Воронья дорога - Бэнкс Иэн М.. Страница 98
– Так это только в середине июня,– сказал я, главным образом для того, чтобы удержать Эшли в зоне видимости и слышимости еще на несколько секунд.
Она вынула из карманов куртки перчатки, надела и послала мне воздушный поцелуй.
– Пока, Прентис.
– Пока,– простонал я.
Она затворила дверь. Я упал на спину. Лежал как в параличе, глядел на мерцающую красную люстру.
Когда хлопнула входная дверь, я соскочил с кровати, в чем мать родила слетел по лестнице в гостиную и замахал Эшли из окна, начинавшегося на уровне человеческого колена и заканчивавшегося на уровне жирафьей головы.
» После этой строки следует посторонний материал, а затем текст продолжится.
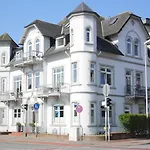 بيت ضيافة 54° Nord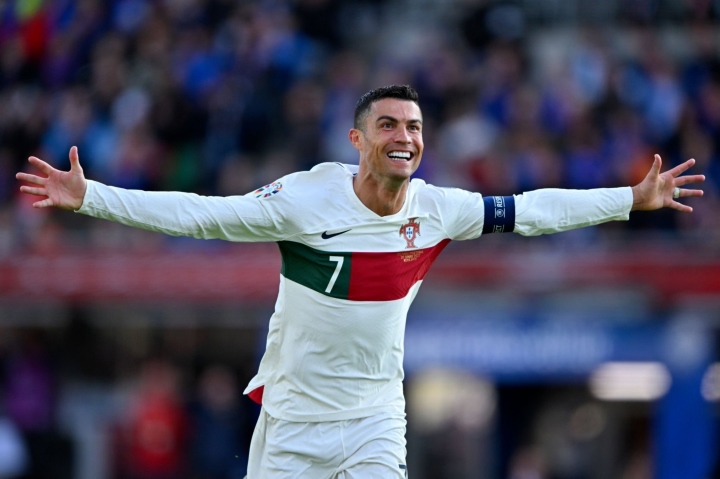 Nếu Ronaldo vô địch World Cup 2026: Cái kết hoàn hảo nhất lịch sử bóng đá Điều gì sẽ xảy ra nếu Cristiano Ronaldo cùng Bồ Đào Nha vô địch World Cup 2026? Phân tích di sản, kỷ lục và cuộc đua GOAT.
Она меня заметила и рассмеялась. Опустила стекло дверцы. Показала на мои чресла и состроила гримаску – дескать, ну что ты себе позволяешь. Такси тронулось. Водила тоже меня засек, восхищенно замотал головой. Машина уже огибала террасу с каменным бортиком. Я распахнул окно, вылез из него почти целиком и замахал, а Эш, опустив до конца стекло и высунув голову, посылала воздушные поцелуи сквозь разлетевшиеся на ветру волосы, пока тачка не скрылась за углом.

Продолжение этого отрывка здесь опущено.